Lea Seydoux w wyjątkowej historii miłosnej
Lea Seydoux ("Spectre") i Charlie Hunnam ("Synowie anarchii") zagrają główne role w nowym filmie Drake'a Doremusa ("Equals"). Niezatytułowany jeszcze romans sci-fi powstanie na podstawie scenariusza dramatopisarza Richa Greenburga.
Produkcją filmu zajmie się wytwórnia Ridleya Scotta, Scott Free Productions. Choć szczegóły fabuły trzymane są w sekrecie, wiadomo, że obraz ma być "wyjątkową historią miłosną" w futurystycznym świecie.
Z zapowiedzi brzmi to bardzo podobnie do opisu poprzedniego filmu Doremusa, "Equals". W zeszłorocznym dramacie główne role zagrali Kristen Stewart i Nicholas Hoult. "Equals" opowiadało o świecie, w którym ludzkie emocje są wykorzeniane. Mimo to dwoje młodych ludzi zakochuje się w sobie.

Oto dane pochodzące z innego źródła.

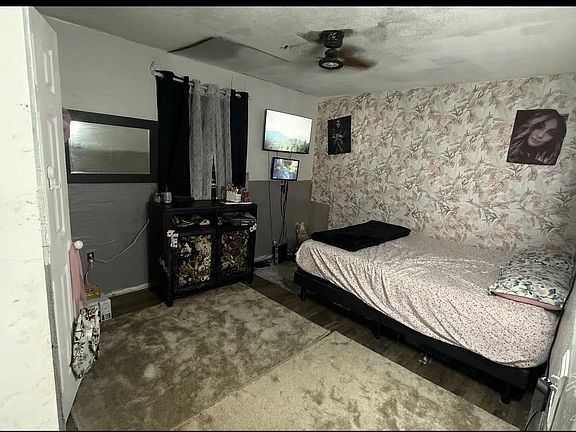 2nd image of 10 Runyan St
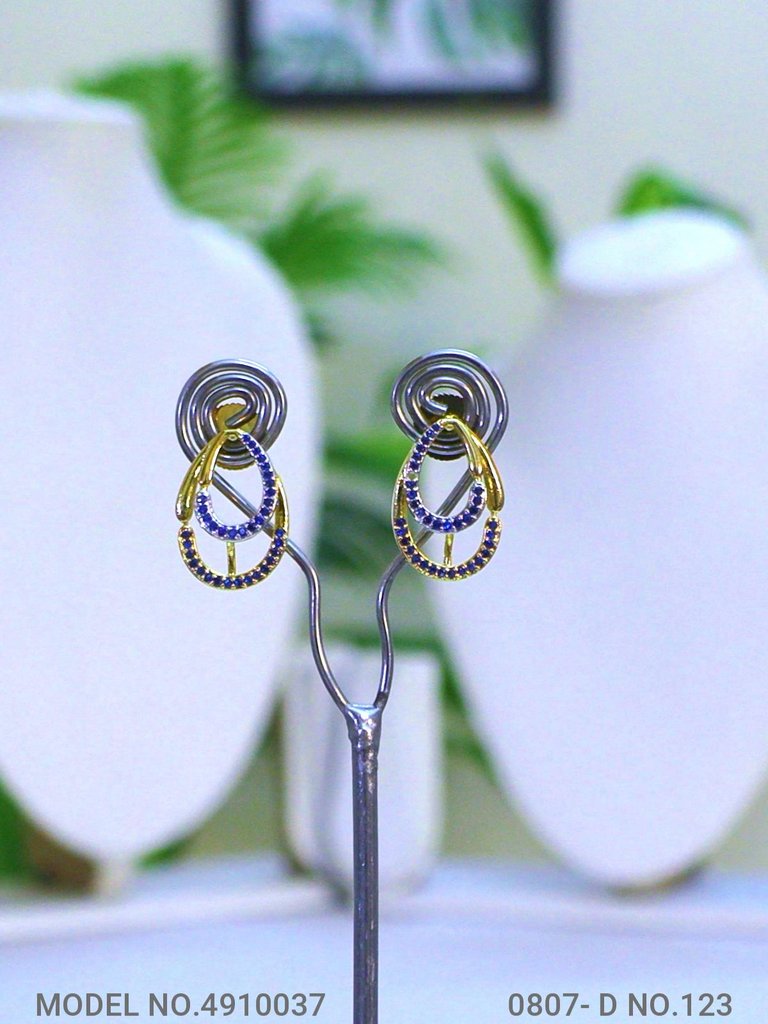 Showstopper Imitation Pendant Set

Charliego Hunnama, który regularnie pojawiał się w serialu "Synowie anarchii", w przyszłym roku zobaczymy także w filmie Guya Ritchiego "Król Artur: Legenda miecza". Ostatnio gwiazdora mogliśmy oglądać w gotyckim romansie "Crimson Peak. Wzgórze krwi" Guillermo del Toro oraz w widowisku "Pacific Rim" tego samego reżysera.
Lea Seydoux również ma za sobą intensywny okres. Na festiwalu w Cannes pokazano efekty jej współpracy z Xavierem Dolanem przy filmie "To tylko koniec świata". Francuska aktorka wystąpiła też w nagradzanym dramacie sci-fi "Lobster" Giorgosa Lanthimosa, a pod koniec zeszłego roku partnerowała Danielowi Craigowi w najnowszej odsłonie przygód Jamesa Bonda "Spectre".